Patent Application
20240208911
The present invention relates to a mixture comprising at least one substituted 4-hydroxypyrazole and at least one polymerizable compound.
Chemical compounds having one or more ethylenically unsaturated groups have a pronounced tendency to free-radical polymerization. Such compounds are therefore also referred to as polymerizable compounds. The tendency of these compounds to free-radical polymerization means that they are used as monomers for the production of polymers. However, the pronounced tendency to free-radical polymerization of these compounds is also a disadvantage in that undesired spontaneous free-radical polymerization can occur during storage and transport and also during chemical and physical processing such as distillation or rectification, particularly under the action of energy such as heat and/or light. Such uncontrolled polymerizations can result in the gradual formation of polymer deposits, for example on heated surfaces, that necessitates removal of the polymer deposits and thus often results in shortened operating times. The uncontrolled polymerizations may even proceed explosively.

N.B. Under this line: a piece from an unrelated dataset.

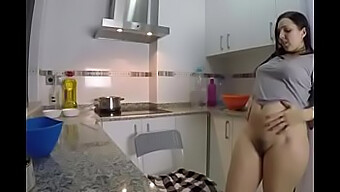 Cumshot In The Kitchen With Amateur Couple Jesus And Pamela Sanchez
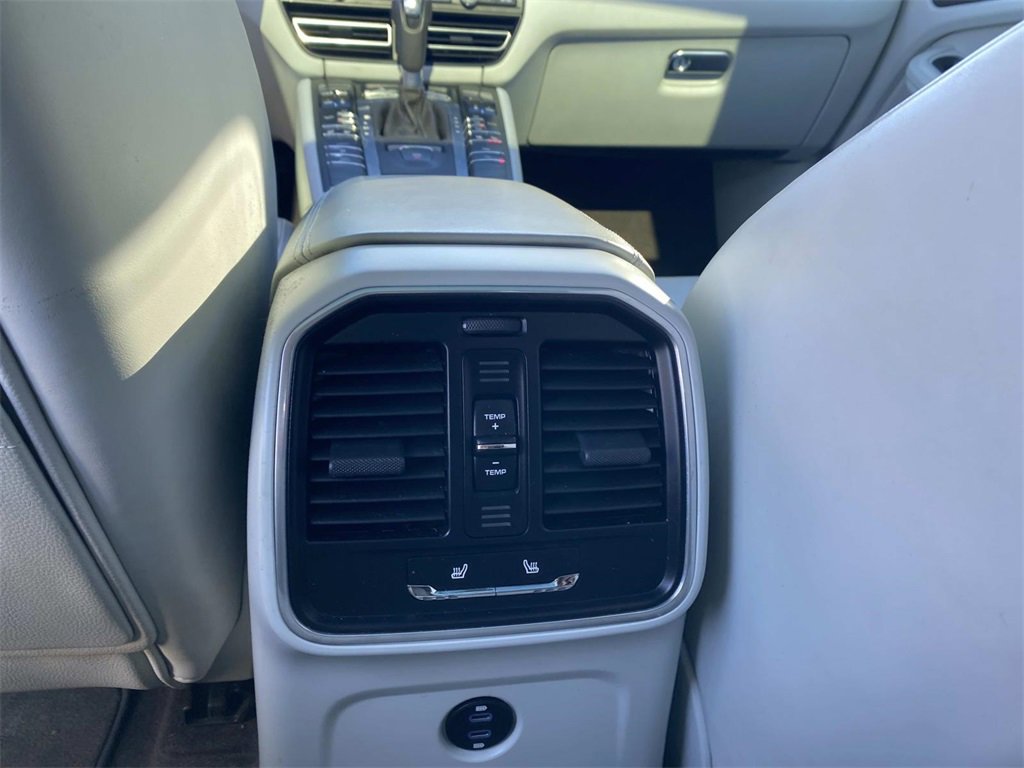 Used 2020 Porsche Macan S image 26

During storage and transport and also during chemical and physical processing of ethylenically unsaturated compounds that have a tendency to free-radical polymerization or mixtures that comprise such compounds, it is therefore customary to add compounds that prevent or at least retard undesired spontaneous free-radical polymerization. Such substances are often referred to as polymerization inhibitors.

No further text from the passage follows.